Estonian industrial production dropped 30.1% y/y in June, much worse than our forecast of -26%. Weak IP over Q2 raises the risk that GDP will fall more in Q2 than in Q1. As we anticipated, the retail trade stabilized further in June, falling 11% y/y – somewhat better than our forecast of -12.4% y/y. However, higher consumption taxes will put more pressure on Estonian consumers over the coming months.
The Icelandic government said that the IMF’s review of Iceland’s rescue program has been postponed, in effect delaying the payout of the next instalment on Iceland’s IMF loan. The postponement of the review is related to uncertainty concerning the settlement of the “Icesave-issue” with the UK and Dutch governments.
The EBRD, the EIB and the World Bank said on Sunday they would help Ukraine with financing (USD 1.7bln) to support energy reforms and secure stable supplies of Russian natural gas to Europe. The agreement comes as Moscow recently urged Brussels to support Ukraine as fears were rising that another gas spat could emerge in the coming winter, if Ukraine would not meet payments.
Preview
PMI for July is due for release across the EMEA region.
Latvian industrial production (IP) for June will be published today. We expect a another downbeat reading. Latvian industrial confidence indicators have improved in recent months, but this might not be enough to sustain the recovery process.

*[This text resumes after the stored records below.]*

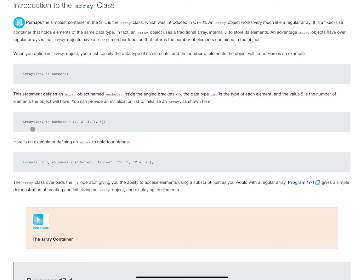So int array, or array rather of type int, that is five elements big called numbers, and here are your element values. Nothing particularly different about the way we're doing this.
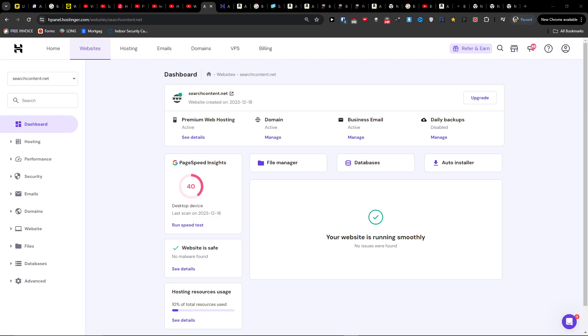Hey there, in this quick video I'm going to show you how you can possibly fix the issue. Oops, looks like this page is lost.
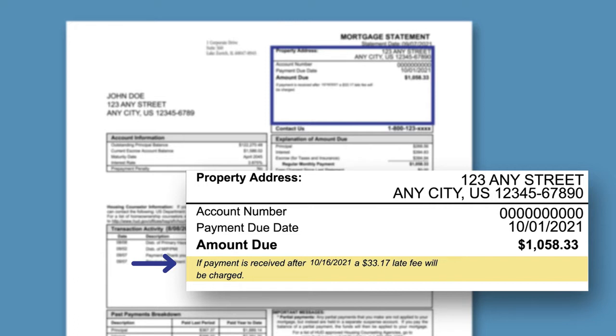In our sample statement, if the payment is received after October 16th, a late fee of $33.17 will be charged.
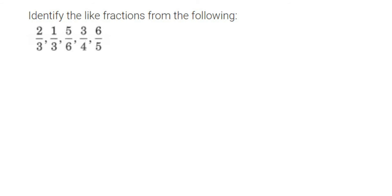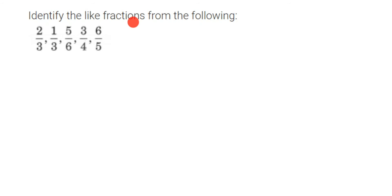Hey everyone, here's a question from fractions. The question is identify the like fractions from the following. We have given different fractions here. We have to find out the like fractions. Now what is a like fraction? Like and unlike fractions are two different types of fractions.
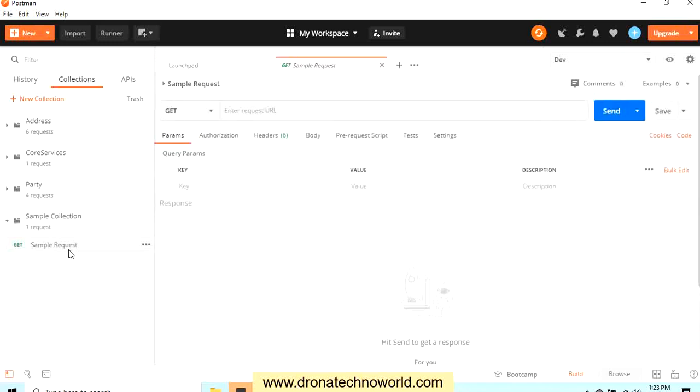This way we learned how to create a collection. In the next lecture, we are going to learn what are the different types of methods, and we are going to have a demo using one of the real-time web services. So see you in the next lecture. Thank you.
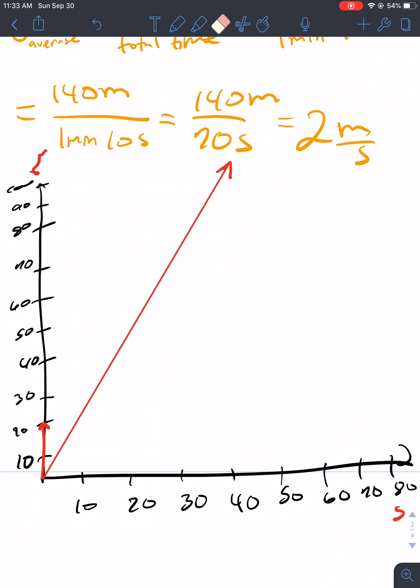So yeah, that is what average speed is. I'll see you guys on the next video. Bye.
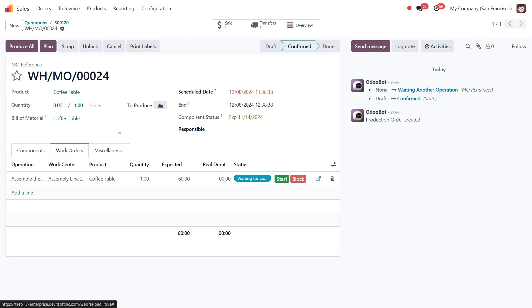And that's how you can set up and use Make to Order in Odoo 17. It's a powerful tool to streamline inventory management and align replenishment with real demand. Thanks for watching and I will see you in the next video.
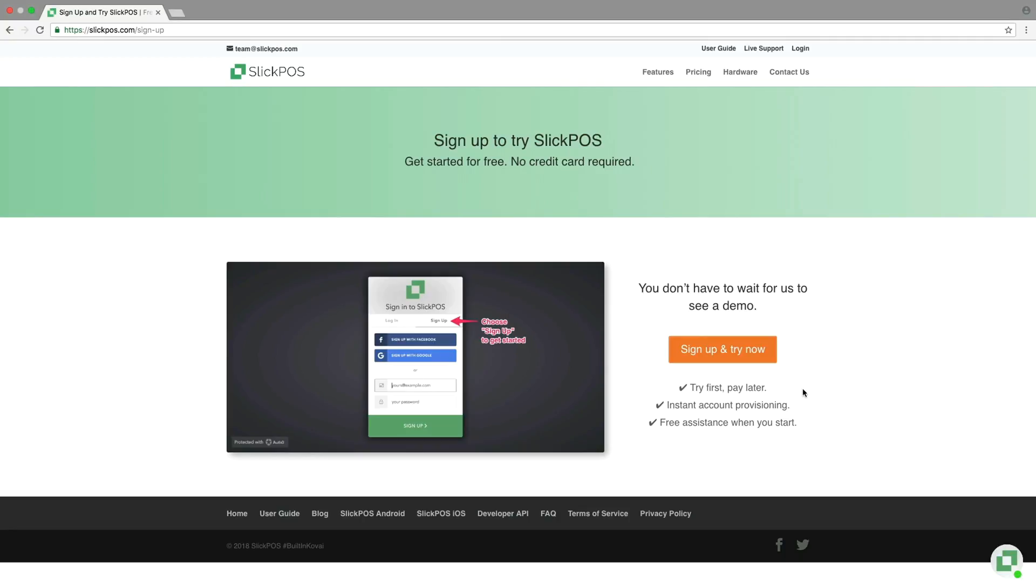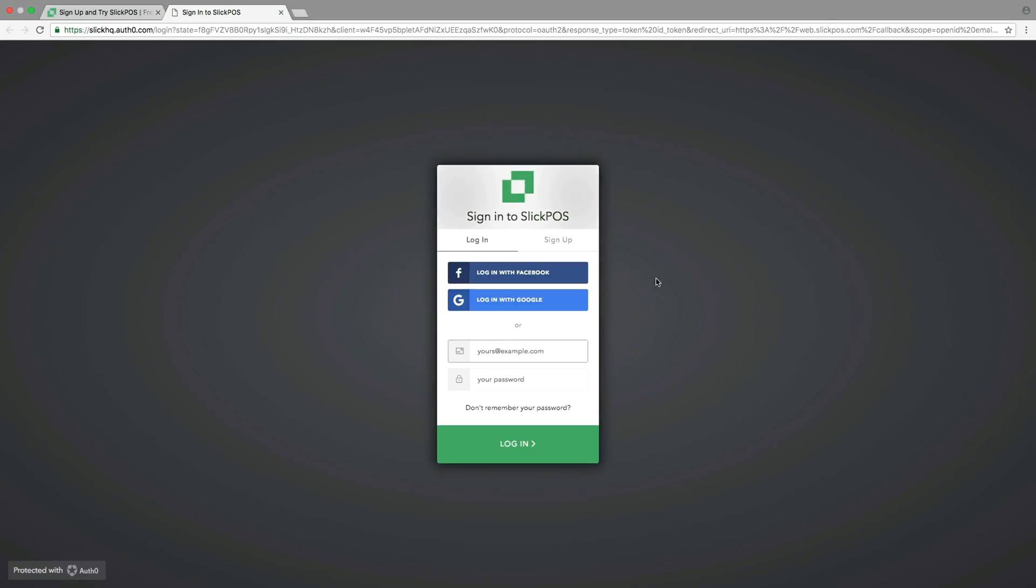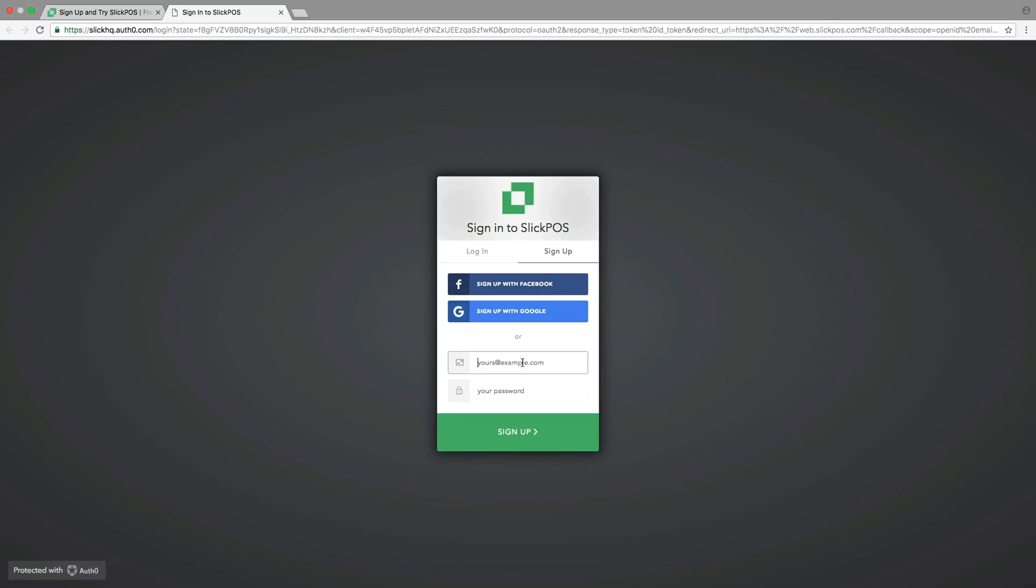Sign up and get started. Select the sign up option. Enter your email address and password to create an account with Sleek Boss.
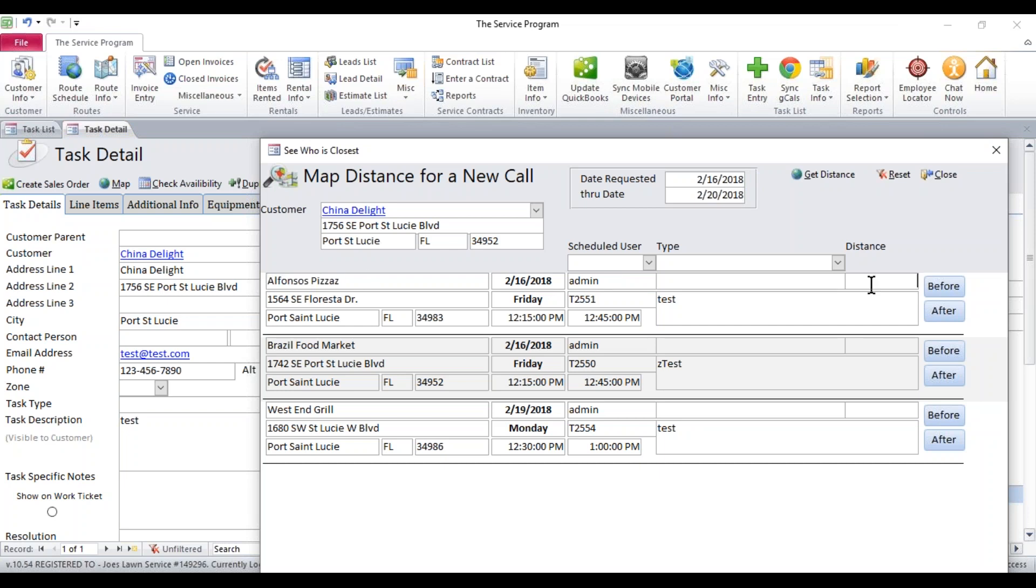Now we currently don't have a distance for these. What we have to do next is hit the get distance button. And as long as these tasks have valid addresses, it will get you a proper distance.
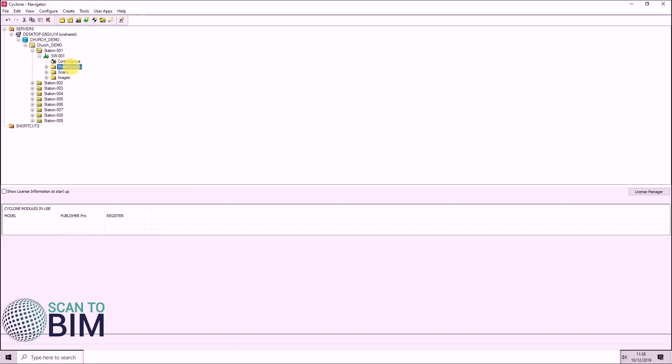You can see we have a model space. This is where you can view, edit and work with the point cloud data.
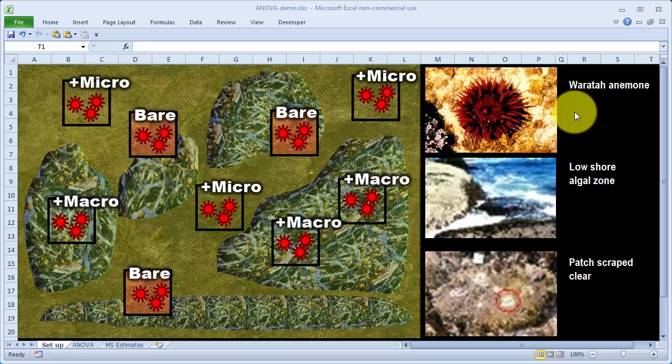In this video I'm going to look at analysis of variance and try and explain where the numbers come from and how they help us test hypotheses about means.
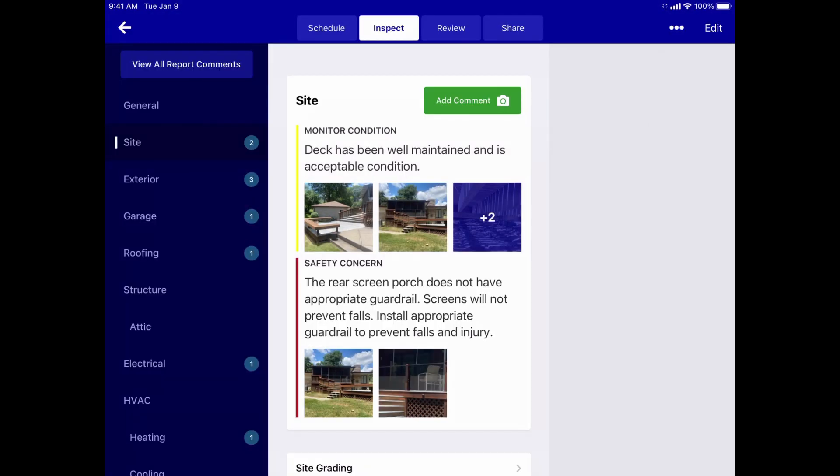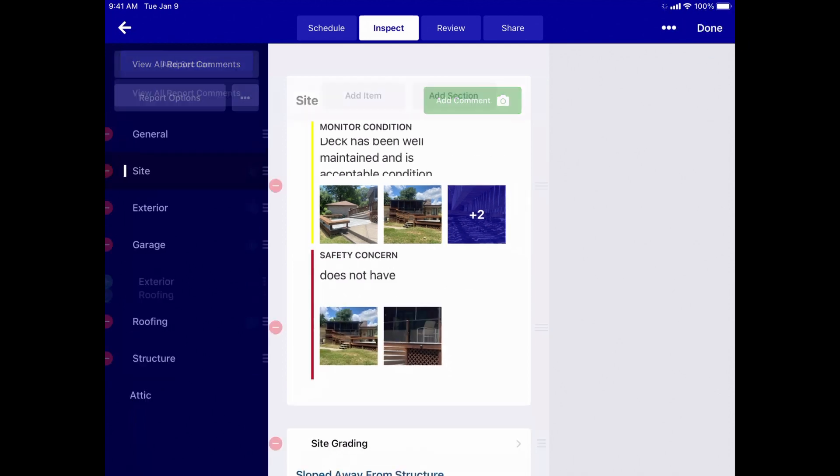Comments cannot be hidden like sections and items, but they can be deleted if they're not needed.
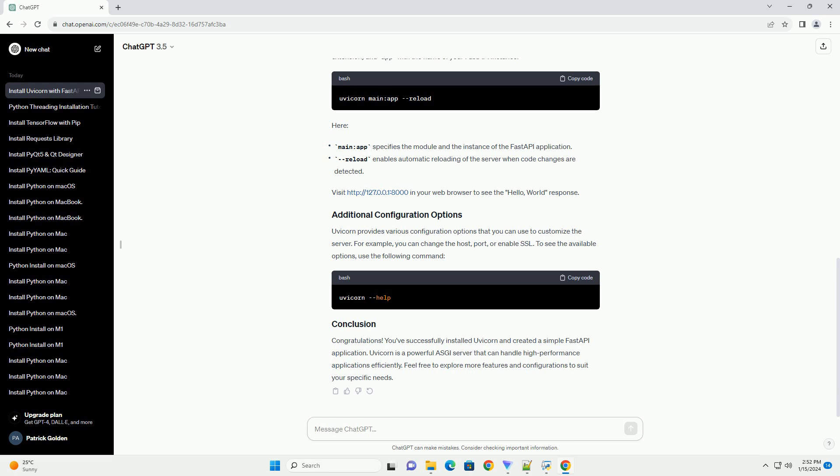Congratulations! You've successfully installed Uvicorn and created a simple FastAPI application. Uvicorn is a powerful ASGI server that can handle high-performance applications efficiently. Feel free to explore more features and configurations to suit your specific needs.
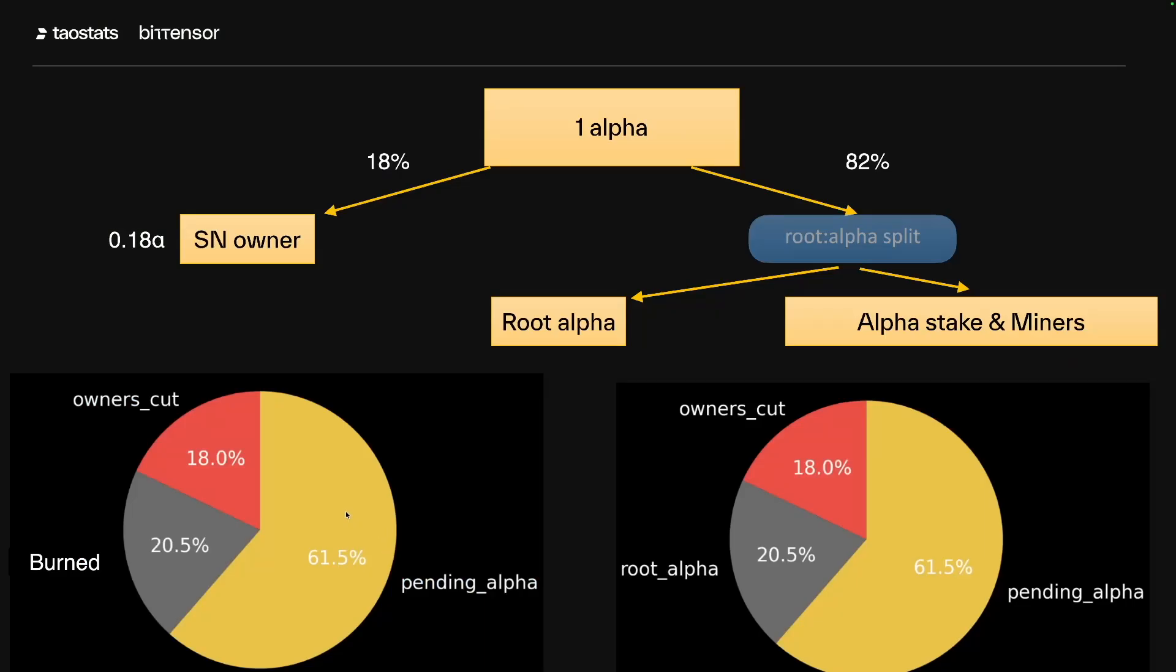So we can look at this in two different ways. When the subnet is subsidized, whatever that root proportion of alpha is, it's burned. However, if it's not subsidized, that is converted into root alpha. That root alpha is sold into tau and distributed to stakeholders.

Turkish inflation for July out today. We expect inflation in July to drop to 5.2%. Given the current inflation development and the TCMB’s inflation forecasts of 5.9% by end-2009 and 5.3% by end-2010 – both below the end-year targets for 2009 and 2010 respectively (7.0% and 6.0%) – there should be room for some further monetary easing over the next couple of months. We expect the TCMB to cut its key policy rate by an accumulated 100bp in the next three months and keep it flat during 2010.
Trading update
The positive sentiment remained intact on Friday. Global markets were supported by better than expected US Q2 GDP flash estimate, which showed that a deeper inventory liquidation in Q1 and Q2 sets the stage for a rebound in growth in the coming quarters that is even stronger than we had previously expected.